- _Try it_: Look below for the line containing "team 10 light pink V-Neck Tee" and the line containing "Camaro Seats 2016-2024, Black", then set down both and every line between them exactly, without pictures.

- _Task input_:
******************************
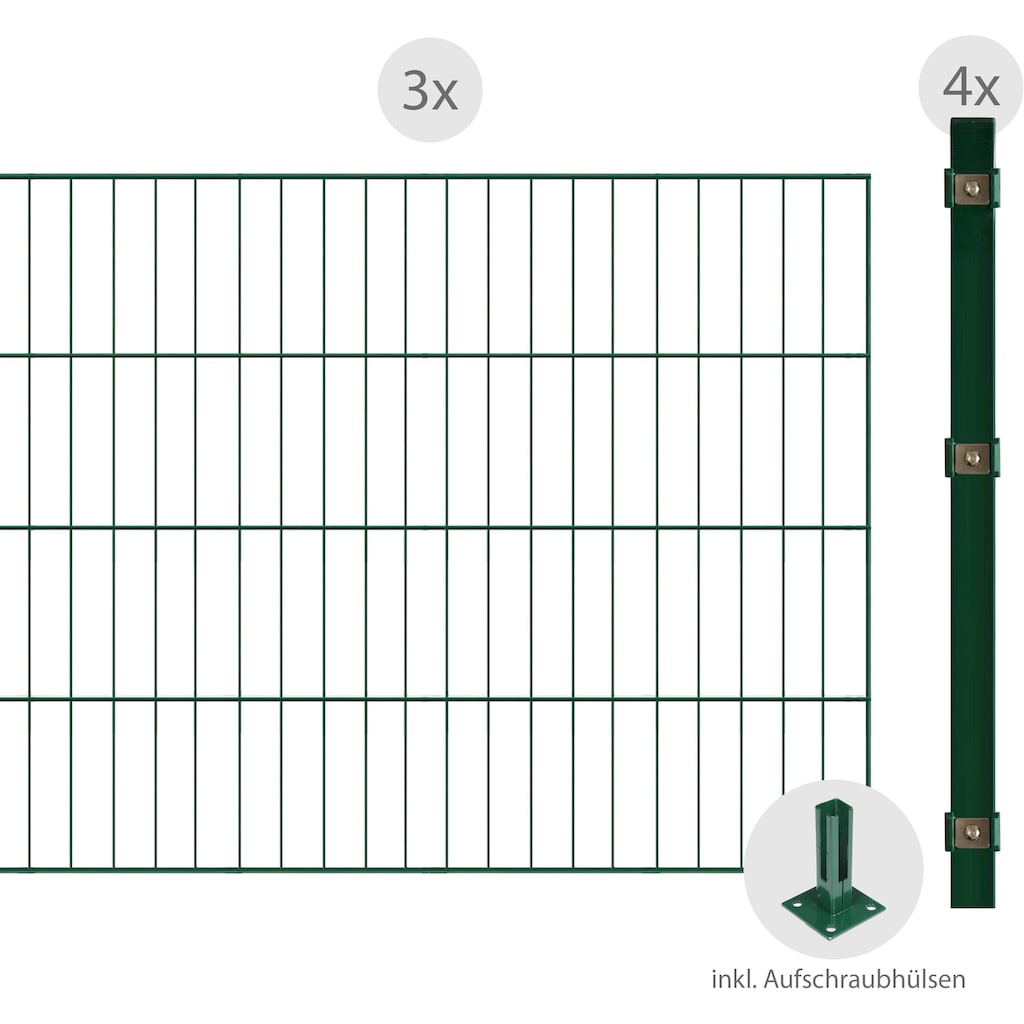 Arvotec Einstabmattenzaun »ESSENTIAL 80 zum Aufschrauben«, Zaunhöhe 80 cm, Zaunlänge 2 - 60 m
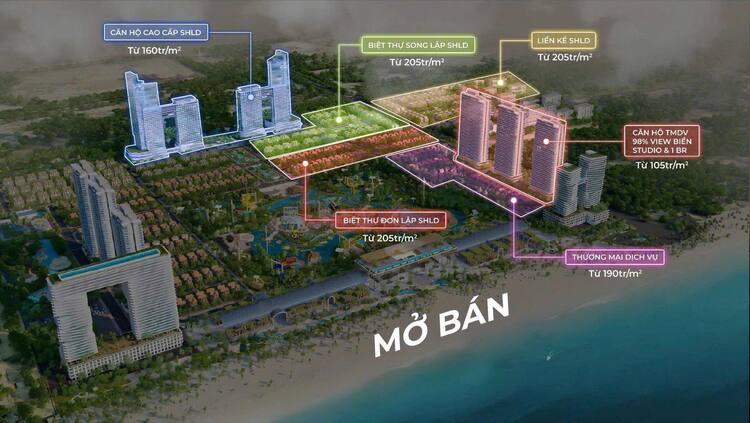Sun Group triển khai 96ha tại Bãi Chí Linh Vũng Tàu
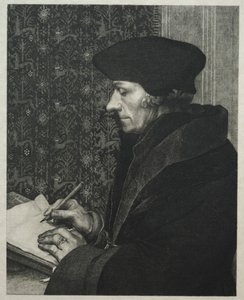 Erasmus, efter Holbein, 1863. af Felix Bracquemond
******************************
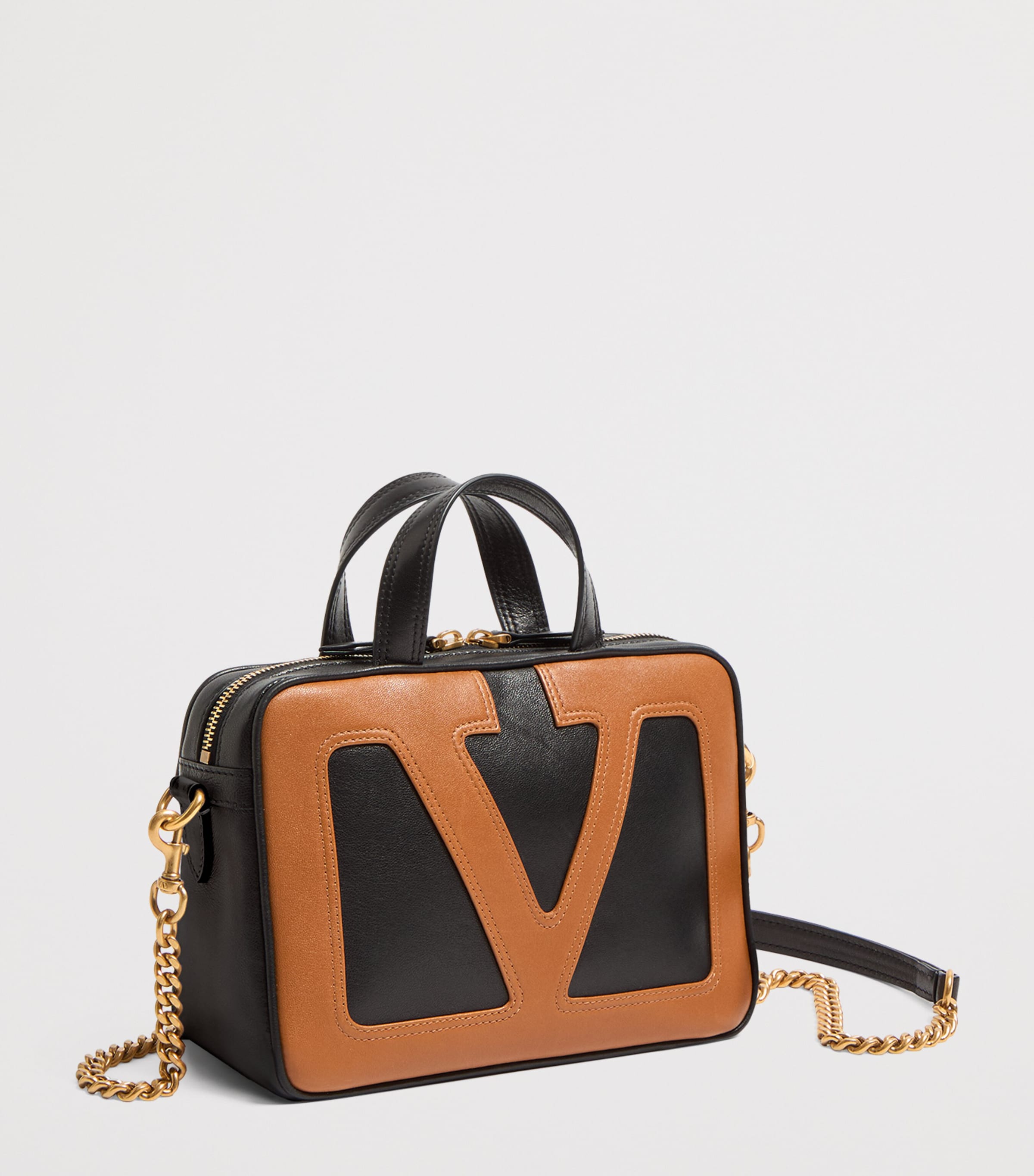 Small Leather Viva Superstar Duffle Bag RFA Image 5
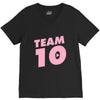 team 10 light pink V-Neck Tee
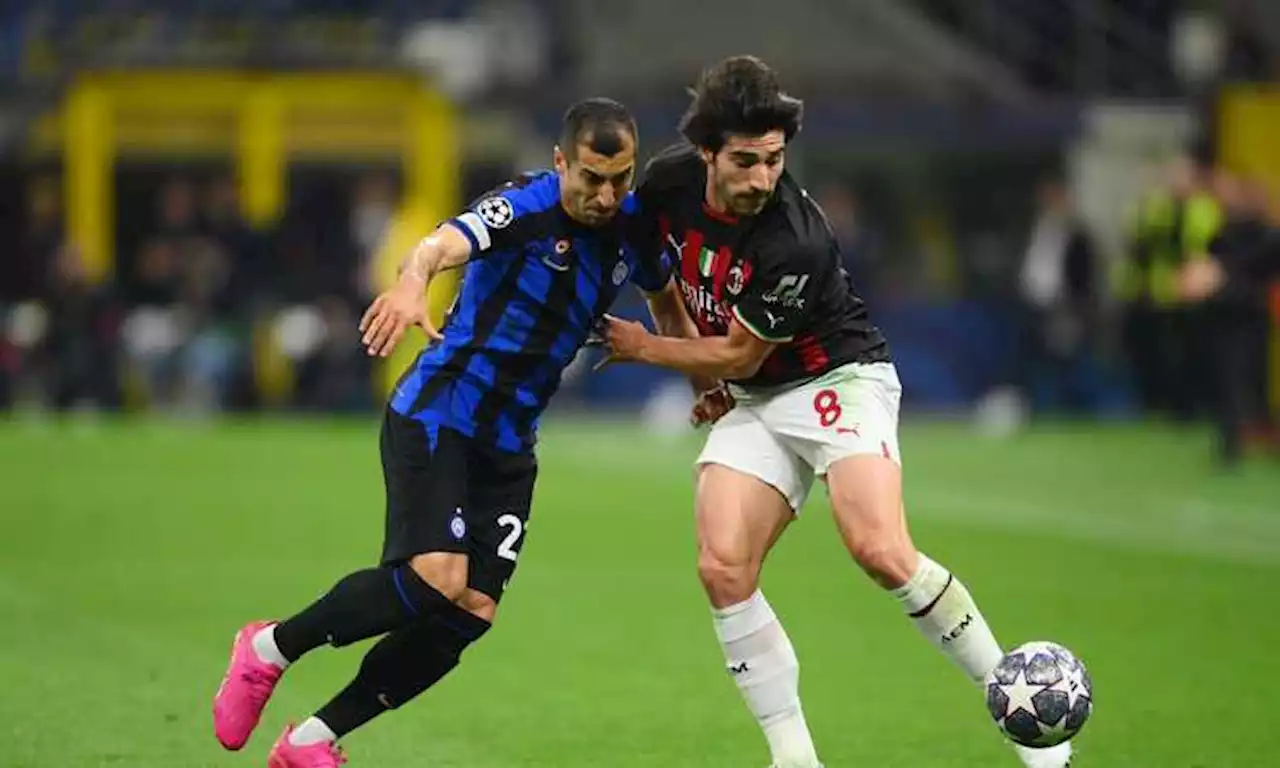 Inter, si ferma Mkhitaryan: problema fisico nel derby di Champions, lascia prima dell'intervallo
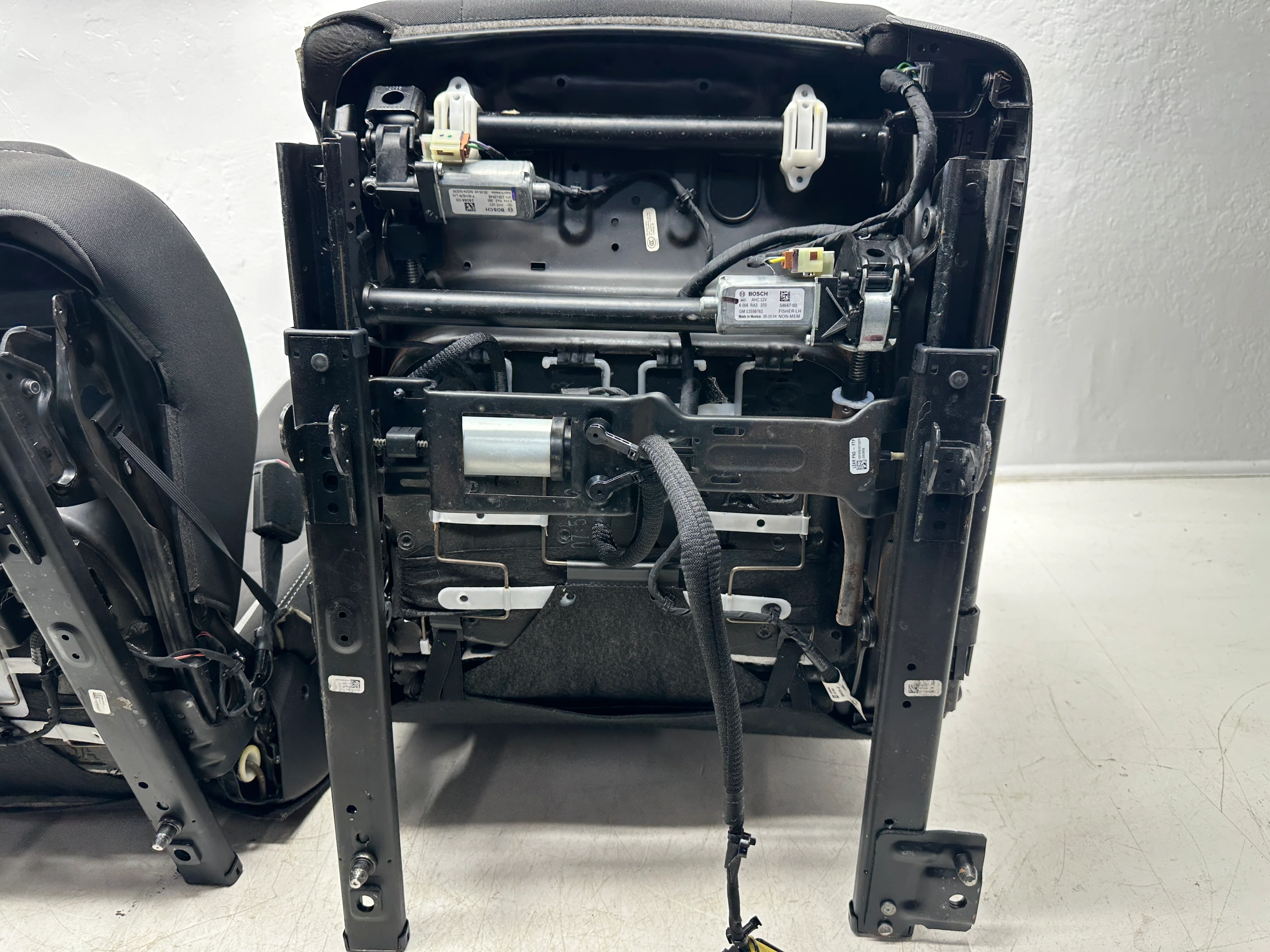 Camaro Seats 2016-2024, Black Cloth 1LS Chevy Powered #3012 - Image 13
******************************
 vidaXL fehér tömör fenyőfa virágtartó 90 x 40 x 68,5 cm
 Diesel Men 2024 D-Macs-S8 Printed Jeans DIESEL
******************************
- _Response to this exercise_:
 team 10 light pink V-Neck Tee
 Inter, si ferma Mkhitaryan: problema fisico nel derby di Champions, lascia prima dell'intervallo
 Camaro Seats 2016-2024, Black Cloth 1LS Chevy Powered #3012 - Image 13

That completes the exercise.